Stored data entries
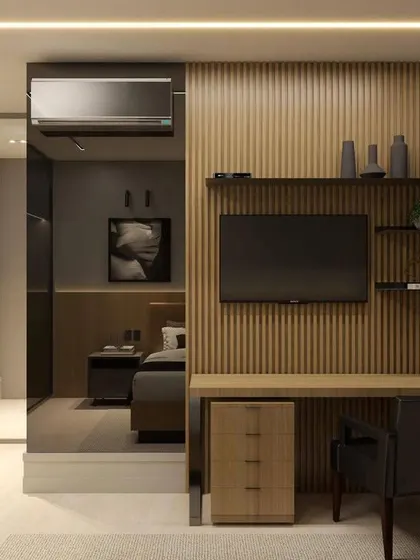 A view of the integrated study and TV area, showing how we can create a productive workspace within the bedroom without compromising on style.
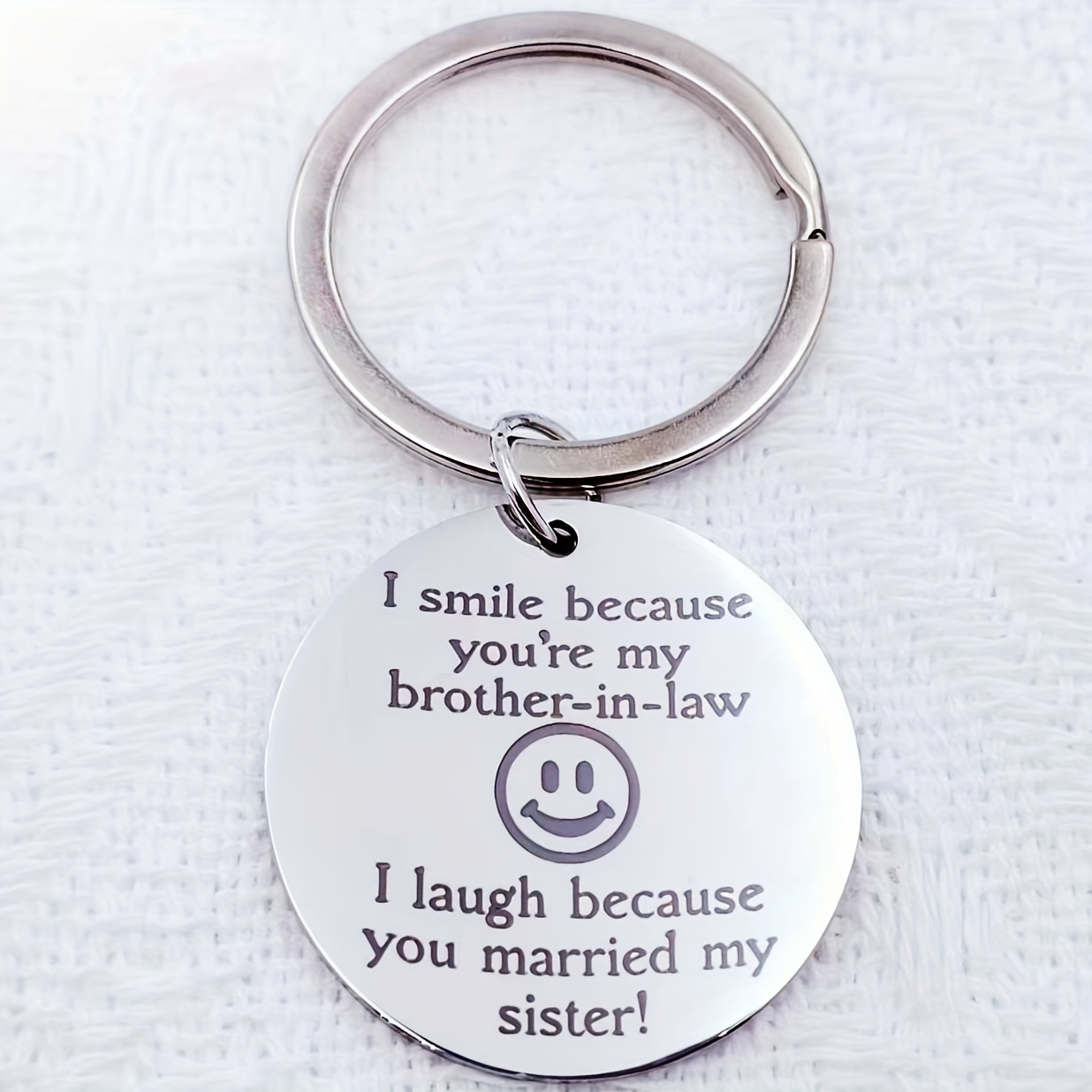 TEMU Stainless Steel Keychain For -in-law - Novelty Engraved Key - Humorous Sibling Relationship Gift - 1pc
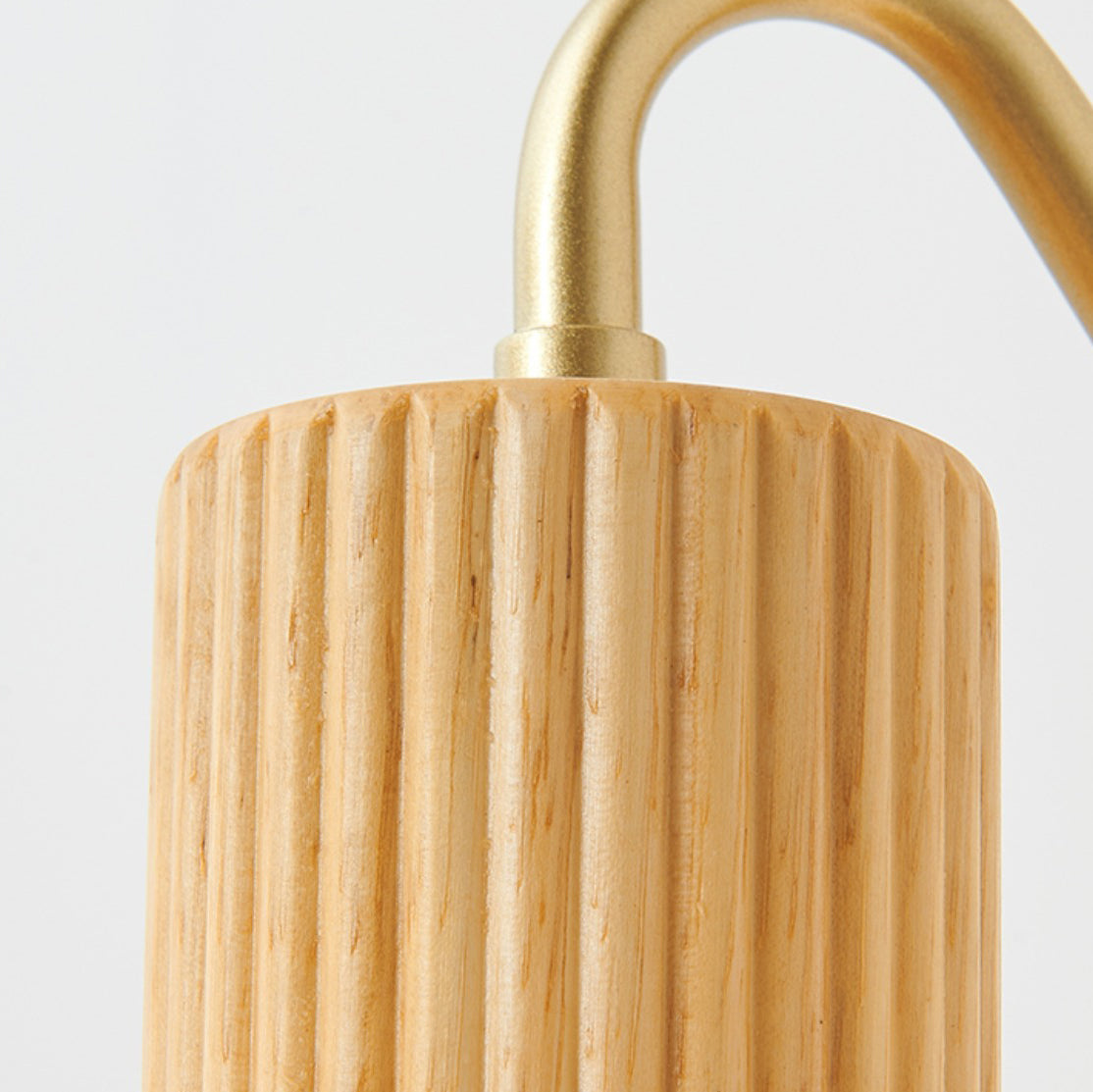 Oval Striped Glass Wood Wall Lamp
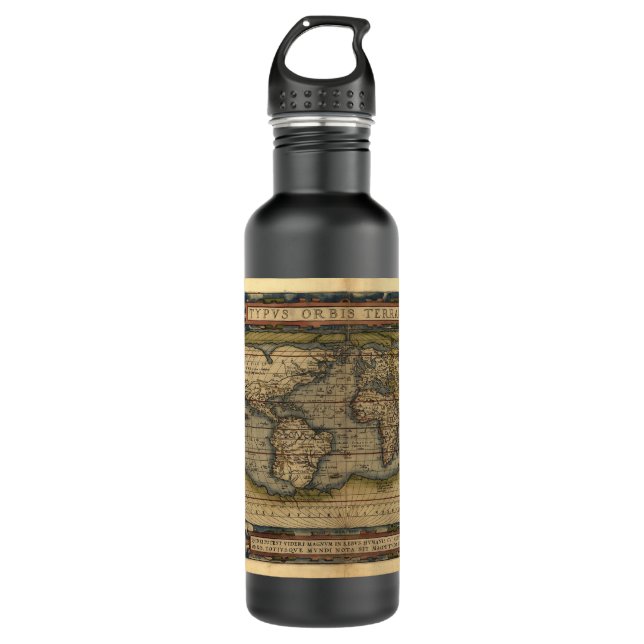 Vintage World Map 710 Ml Water Bottle (Front)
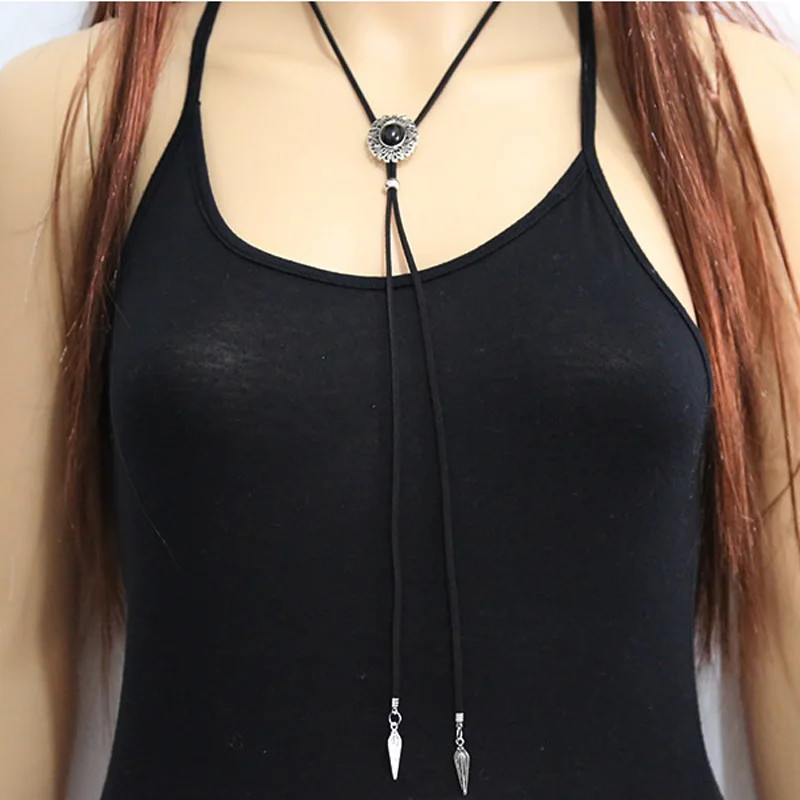 Punk Neck Strap Leather Wrap Choker Collar Rope Party Short Women Necklace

Task requirements:
Write the lines from the one with "Oval Striped Glass Wood Wall Lamp" through the last line of the entries out again exactly, both ends included, and skip the pictures.

Solution for this problem:
 Oval Striped Glass Wood Wall Lamp
 Vintage World Map 710 Ml Water Bottle (Front)
 Punk Neck Strap Leather Wrap Choker Collar Rope Party Short Women Necklace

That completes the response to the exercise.